Moving day can be quite overwhelming. There is a lot to pack, do, prepare, and get out of the way. And just when you think you've got it figured out, an unforeseen delay caused by lack of parking for your moving truck can be one of the most upsetting experiences, to say the least. It is also a common occurrence as people rarely concern themselves with the needs of a moving van.
 

More than simply packing up your belongings, calling a moving company, and sorting through your utilities, among other key logistics, ensure that your moving truck has access and a parking spot on your property.

To guarantee that your move goes as smoothly as possible, as well as save you extra costs, time, and energy, let us look at several ways to ensure you're ready to go when the professional movers pull up:

1. Consider Your Parking Space

This is especially important for homeowners who live on a busy street and don't have a driveway or a parking lot.

Most moving companies are used to accommodating alleys and courtyards, and other smaller spaces, but you need to inform them beforehand so that they may determine if a shuttle is needed. Shuttle service involves loading a smaller vehicle several times to load the moving truck.

Failure to secure ample parking or organize shuttle services will have the moving crew walking long distances to and from your house while carrying furniture by hand, which will take much time and may end up costing you more.

2. Consider the Size of the Truck

So now you've figured out the availability of parking lot space. However, moving truck dimensions such as the height and length of the trailer may be colossal and cause various inconveniences.

Even when the truck has enough space to pull in or out, check if the truck will have enough turning space. Secondly, check for any overhead wires, tree branches, or structures.

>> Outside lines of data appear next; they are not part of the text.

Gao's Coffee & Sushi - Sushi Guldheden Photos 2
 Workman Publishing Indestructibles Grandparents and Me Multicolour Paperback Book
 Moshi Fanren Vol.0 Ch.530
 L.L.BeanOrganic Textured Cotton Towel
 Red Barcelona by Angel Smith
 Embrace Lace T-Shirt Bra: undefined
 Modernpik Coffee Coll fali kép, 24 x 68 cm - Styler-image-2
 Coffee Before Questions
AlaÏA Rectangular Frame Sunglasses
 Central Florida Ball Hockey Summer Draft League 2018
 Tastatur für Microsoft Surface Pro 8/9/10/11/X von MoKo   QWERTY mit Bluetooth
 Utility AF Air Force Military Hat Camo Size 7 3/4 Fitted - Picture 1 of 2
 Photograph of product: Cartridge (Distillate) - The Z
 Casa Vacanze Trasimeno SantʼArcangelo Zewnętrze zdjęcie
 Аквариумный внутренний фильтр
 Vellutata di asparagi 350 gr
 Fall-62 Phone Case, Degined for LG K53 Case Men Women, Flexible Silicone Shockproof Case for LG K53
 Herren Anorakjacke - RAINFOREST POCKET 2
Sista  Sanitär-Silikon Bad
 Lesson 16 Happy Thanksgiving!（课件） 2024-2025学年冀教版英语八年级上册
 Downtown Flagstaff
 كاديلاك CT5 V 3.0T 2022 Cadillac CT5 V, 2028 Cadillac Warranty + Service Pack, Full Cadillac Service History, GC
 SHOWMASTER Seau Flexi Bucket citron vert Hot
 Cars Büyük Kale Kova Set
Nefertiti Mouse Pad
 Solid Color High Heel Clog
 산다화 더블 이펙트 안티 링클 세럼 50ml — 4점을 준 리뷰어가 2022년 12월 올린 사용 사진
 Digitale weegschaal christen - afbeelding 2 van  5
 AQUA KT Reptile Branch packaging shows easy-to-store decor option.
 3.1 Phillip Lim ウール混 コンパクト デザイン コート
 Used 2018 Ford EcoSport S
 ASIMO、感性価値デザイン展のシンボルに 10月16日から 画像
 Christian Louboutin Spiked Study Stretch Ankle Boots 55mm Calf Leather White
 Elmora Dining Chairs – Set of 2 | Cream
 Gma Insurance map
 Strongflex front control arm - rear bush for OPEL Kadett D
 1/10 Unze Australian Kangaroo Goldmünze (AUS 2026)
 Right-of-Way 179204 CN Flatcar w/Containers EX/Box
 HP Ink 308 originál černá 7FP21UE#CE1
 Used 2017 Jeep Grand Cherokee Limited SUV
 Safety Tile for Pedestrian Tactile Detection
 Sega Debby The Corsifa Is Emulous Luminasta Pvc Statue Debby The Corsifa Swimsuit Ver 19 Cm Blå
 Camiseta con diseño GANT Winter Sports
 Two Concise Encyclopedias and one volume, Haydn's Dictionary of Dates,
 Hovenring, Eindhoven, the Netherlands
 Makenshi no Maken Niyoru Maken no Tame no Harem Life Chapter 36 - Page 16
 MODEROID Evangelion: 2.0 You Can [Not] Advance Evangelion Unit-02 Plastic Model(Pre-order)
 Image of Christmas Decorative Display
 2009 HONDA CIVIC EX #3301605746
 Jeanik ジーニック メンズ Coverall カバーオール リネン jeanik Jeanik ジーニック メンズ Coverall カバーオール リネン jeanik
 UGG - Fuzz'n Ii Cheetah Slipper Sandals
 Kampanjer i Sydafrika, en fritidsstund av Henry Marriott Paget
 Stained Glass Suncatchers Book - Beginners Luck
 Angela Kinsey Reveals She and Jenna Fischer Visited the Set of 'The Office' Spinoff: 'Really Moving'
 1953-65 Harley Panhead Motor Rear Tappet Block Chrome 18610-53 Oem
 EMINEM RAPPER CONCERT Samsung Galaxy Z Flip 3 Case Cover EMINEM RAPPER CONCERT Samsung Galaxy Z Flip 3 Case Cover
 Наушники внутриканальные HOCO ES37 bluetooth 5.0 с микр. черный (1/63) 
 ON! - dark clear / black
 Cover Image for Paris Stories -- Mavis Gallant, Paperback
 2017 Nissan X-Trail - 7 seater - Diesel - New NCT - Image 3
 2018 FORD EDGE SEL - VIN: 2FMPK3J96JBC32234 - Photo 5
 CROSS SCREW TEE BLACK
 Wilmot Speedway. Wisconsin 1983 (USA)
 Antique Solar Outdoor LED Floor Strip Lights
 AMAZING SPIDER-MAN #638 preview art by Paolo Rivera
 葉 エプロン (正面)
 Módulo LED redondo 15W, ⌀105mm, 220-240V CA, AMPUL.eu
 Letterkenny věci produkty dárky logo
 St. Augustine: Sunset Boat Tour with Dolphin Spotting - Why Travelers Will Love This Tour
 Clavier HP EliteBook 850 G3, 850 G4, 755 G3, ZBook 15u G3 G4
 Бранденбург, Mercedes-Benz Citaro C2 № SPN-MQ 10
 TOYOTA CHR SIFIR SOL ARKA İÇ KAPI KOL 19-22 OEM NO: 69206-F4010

3. Secure the Relevant Permits

Discuss with your moving company any permits that are needed and be clear on who is responsible for obtaining them. Some local administrations will not issue permits directly to the moving company. It's important, therefore, to handle that responsibility on your end and do so early enough to avoid a last-minute scramble.

To do so, you need to:

  • Check if your preferred moving company has the required transit and parking permits in your town.
  • Check residential parking rules for any policies against commercial parking on shared driveways. In some communities, these permits need to be obtained up to 3 days prior, indicating the purpose of moving and the exact parking space or spaces you need.
  • Check if your new home area has similar rules, apply for permits on that end as well, and for offloading space beforehand.

After you know which regulations may inconvenience you beforehand, you will have enough time to organize, apply, and pick the relevant permits in offices or online.

Conclusion

If you have sufficiently prepared for the moving truck parking, you've got the job almost done. Permits are not difficult to obtain, and if you're still looking for a reliable mover yet, consider a moving partner that has relevant transport permits and offers shuttles and vans to move stuff in case of insufficient truck parking. Apply for the necessary permits days prior to the big day and ensure to obtain all the documents to save you time, money, and effort!